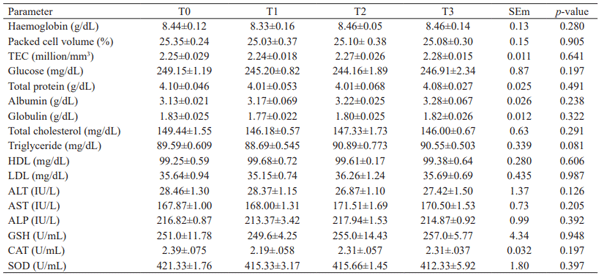 Table 3. Effect of synthetic and herbal feed emulsifiers on haemato-biochemical parameters of broiler chicken at 35 days of age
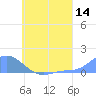 Losap Atoll tide chart for Sunday, June 14, 2026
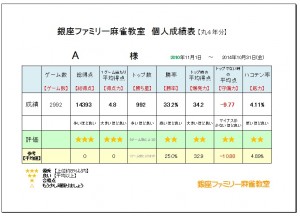 個人成績表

Problem details.
Reprint the data verbatim, pictures excluded.

Result of this exercise.
 Table 3. Effect of synthetic and herbal feed emulsifiers on haemato-biochemical parameters of broiler chicken at 35 days of age
 Losap Atoll tide chart for Sunday, June 14, 2026
 個人成績表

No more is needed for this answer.